WATCH THE VIDEO FOR "IRRESISTIBLE FORCE" BELOW:
Have you guys collaborated like that on past records?
No. It’s never been that collective. In fact, on the last record [Strays] nobody was around when I tracked guitars, which I liked back then. But this time, the whole point was to do stuff I don’t normally do. And it turned out great.
A signature element of Jane’s sound is the great rhythmic interplay between Stephen’s drums and your guitars. Can you talk about where those rhythms are coming from?
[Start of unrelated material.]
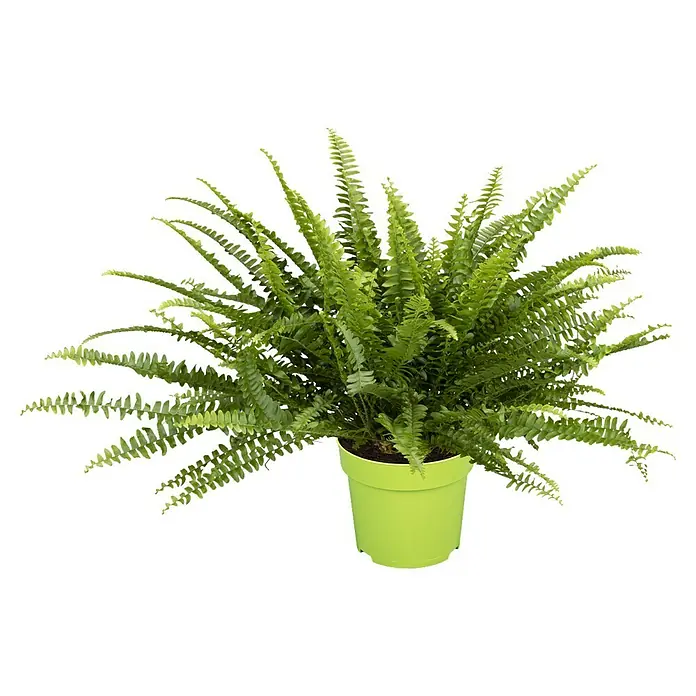 Piardino Schwertfarn - Nephrolepis exaltata Green Lady, Topfgröße: 12 cm, Blattfarbe: Mittelgrün - Zimmerfarn in einem hellgrünen Topf. Diese üppige Pflanze verleiht jedem Raum eine frische, natürliche Note und sorgt für ein angenehmes Ambiente.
The tribal thing goes way back for us. One of Stephen’s strengths and weaknesses is that for the life of him he cannot play a simple drumbeat. It’s amazing to me. He cannot play four bars of a drumbeat twice, without it being different. [laughs] He doesn’t want to do a standard drum-time thing, he wants to do something unique. So when the song will call for kick, hat and snare [sequence]. He won’t play the hat or he won’t play the snare, because that’s what everyone would expect him to play. That’s always been our thing. Even on the intro to “Irresistible Force” he’s playing the rhythm on the rim of a snare. I didn’t expect that. So even though a certain song may be crafted and written by me, when Stephen approaches the part…well, that’s what makes the band, the band.
WATCH THE VIDEO FOR "END TO THE LIES" BELOW:
There’s been a lot of press about the contribution from TV On the Radio’s Dave Sitek on the album. Now that Sitek’s back with TVOTR, Chris Chaney has been touring with you. Is he in the band now?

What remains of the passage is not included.